(Short descriptive text snippets)
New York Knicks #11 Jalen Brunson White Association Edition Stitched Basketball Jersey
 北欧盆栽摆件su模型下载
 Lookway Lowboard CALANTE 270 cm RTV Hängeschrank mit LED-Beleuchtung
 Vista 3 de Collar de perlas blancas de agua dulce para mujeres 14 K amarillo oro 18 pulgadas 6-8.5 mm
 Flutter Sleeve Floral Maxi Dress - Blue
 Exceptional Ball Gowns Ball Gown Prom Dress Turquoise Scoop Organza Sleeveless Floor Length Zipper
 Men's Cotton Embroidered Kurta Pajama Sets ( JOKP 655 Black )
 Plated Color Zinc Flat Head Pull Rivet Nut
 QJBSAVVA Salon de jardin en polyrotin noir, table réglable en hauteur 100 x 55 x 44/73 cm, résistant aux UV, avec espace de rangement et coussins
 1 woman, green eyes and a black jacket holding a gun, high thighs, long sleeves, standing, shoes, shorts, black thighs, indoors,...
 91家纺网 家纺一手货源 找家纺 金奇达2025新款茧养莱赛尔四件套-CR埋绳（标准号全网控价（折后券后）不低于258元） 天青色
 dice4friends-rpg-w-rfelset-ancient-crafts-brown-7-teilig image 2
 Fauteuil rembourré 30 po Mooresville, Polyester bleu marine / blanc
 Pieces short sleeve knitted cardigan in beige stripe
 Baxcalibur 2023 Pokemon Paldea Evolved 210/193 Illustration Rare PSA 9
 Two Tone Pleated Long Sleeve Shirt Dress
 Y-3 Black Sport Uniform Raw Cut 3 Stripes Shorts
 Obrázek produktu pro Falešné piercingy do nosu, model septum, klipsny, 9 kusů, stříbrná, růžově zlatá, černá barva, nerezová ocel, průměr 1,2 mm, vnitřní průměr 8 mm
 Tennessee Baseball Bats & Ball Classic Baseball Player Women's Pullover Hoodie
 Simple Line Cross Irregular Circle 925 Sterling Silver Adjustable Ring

● **Exercise brief**
Copy exactly the lines above, from the one containing "91家纺网 家纺一手货源 找家纺" through the very last line.

● **Answer for the task**
 91家纺网 家纺一手货源 找家纺 金奇达2025新款茧养莱赛尔四件套-CR埋绳（标准号全网控价（折后券后）不低于258元） 天青色
 dice4friends-rpg-w-rfelset-ancient-crafts-brown-7-teilig image 2
 Fauteuil rembourré 30 po Mooresville, Polyester bleu marine / blanc
 Pieces short sleeve knitted cardigan in beige stripe
 Baxcalibur 2023 Pokemon Paldea Evolved 210/193 Illustration Rare PSA 9
 Two Tone Pleated Long Sleeve Shirt Dress
 Y-3 Black Sport Uniform Raw Cut 3 Stripes Shorts
 Obrázek produktu pro Falešné piercingy do nosu, model septum, klipsny, 9 kusů, stříbrná, růžově zlatá, černá barva, nerezová ocel, průměr 1,2 mm, vnitřní průměr 8 mm
 Tennessee Baseball Bats & Ball Classic Baseball Player Women's Pullover Hoodie
 Simple Line Cross Irregular Circle 925 Sterling Silver Adjustable Ring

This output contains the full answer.